Extracted records:
►

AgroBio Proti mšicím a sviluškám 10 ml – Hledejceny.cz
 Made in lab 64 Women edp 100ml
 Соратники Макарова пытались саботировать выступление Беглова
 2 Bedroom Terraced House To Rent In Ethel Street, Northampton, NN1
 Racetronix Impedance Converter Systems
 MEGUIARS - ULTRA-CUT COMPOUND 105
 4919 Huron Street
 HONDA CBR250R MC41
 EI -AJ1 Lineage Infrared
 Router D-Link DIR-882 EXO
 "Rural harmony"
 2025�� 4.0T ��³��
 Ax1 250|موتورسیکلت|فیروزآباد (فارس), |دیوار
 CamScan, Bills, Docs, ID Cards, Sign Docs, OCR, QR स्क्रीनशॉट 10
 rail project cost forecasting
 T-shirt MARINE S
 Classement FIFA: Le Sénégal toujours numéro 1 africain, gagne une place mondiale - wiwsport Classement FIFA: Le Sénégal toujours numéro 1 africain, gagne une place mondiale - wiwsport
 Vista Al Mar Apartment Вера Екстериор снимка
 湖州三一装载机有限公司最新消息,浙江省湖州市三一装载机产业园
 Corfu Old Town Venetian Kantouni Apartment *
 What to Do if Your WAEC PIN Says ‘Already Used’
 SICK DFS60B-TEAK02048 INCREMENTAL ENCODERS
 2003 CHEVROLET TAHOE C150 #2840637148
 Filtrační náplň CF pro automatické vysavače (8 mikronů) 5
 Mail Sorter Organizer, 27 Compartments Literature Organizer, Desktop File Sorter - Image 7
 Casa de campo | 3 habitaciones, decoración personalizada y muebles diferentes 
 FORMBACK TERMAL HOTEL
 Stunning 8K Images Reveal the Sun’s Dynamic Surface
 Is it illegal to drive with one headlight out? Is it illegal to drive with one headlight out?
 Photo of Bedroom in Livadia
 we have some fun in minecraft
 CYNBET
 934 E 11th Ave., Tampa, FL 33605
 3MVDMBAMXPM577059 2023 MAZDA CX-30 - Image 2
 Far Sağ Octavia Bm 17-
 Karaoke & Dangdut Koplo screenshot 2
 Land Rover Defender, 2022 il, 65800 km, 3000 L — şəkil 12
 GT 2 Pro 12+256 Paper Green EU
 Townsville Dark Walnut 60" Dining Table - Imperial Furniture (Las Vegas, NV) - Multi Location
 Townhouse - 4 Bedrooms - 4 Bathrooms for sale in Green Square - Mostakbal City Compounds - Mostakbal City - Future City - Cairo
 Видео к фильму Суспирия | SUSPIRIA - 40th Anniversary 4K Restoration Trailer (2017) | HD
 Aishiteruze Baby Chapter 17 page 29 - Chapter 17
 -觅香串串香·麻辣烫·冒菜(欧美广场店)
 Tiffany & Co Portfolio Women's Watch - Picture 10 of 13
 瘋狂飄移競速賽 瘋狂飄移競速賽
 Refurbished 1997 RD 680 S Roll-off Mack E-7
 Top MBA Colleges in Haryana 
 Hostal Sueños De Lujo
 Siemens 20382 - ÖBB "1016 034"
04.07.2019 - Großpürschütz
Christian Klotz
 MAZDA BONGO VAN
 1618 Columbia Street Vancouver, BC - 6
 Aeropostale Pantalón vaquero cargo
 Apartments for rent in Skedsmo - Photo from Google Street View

◄

Working from the data above, extract solely the lines from the one containing "Is it illegal to drive with one headlight out? Is" through the one containing "Aishiteruze Baby Chapter", exactly as they appear, both included.

 Is it illegal to drive with one headlight out? Is it illegal to drive with one headlight out?
 Photo of Bedroom in Livadia
 we have some fun in minecraft
 CYNBET
 934 E 11th Ave., Tampa, FL 33605
 3MVDMBAMXPM577059 2023 MAZDA CX-30 - Image 2
 Far Sağ Octavia Bm 17-
 Karaoke & Dangdut Koplo screenshot 2
 Land Rover Defender, 2022 il, 65800 km, 3000 L — şəkil 12
 GT 2 Pro 12+256 Paper Green EU
 Townsville Dark Walnut 60" Dining Table - Imperial Furniture (Las Vegas, NV) - Multi Location
 Townhouse - 4 Bedrooms - 4 Bathrooms for sale in Green Square - Mostakbal City Compounds - Mostakbal City - Future City - Cairo
 Видео к фильму Суспирия | SUSPIRIA - 40th Anniversary 4K Restoration Trailer (2017) | HD
 Aishiteruze Baby Chapter 17 page 29 - Chapter 17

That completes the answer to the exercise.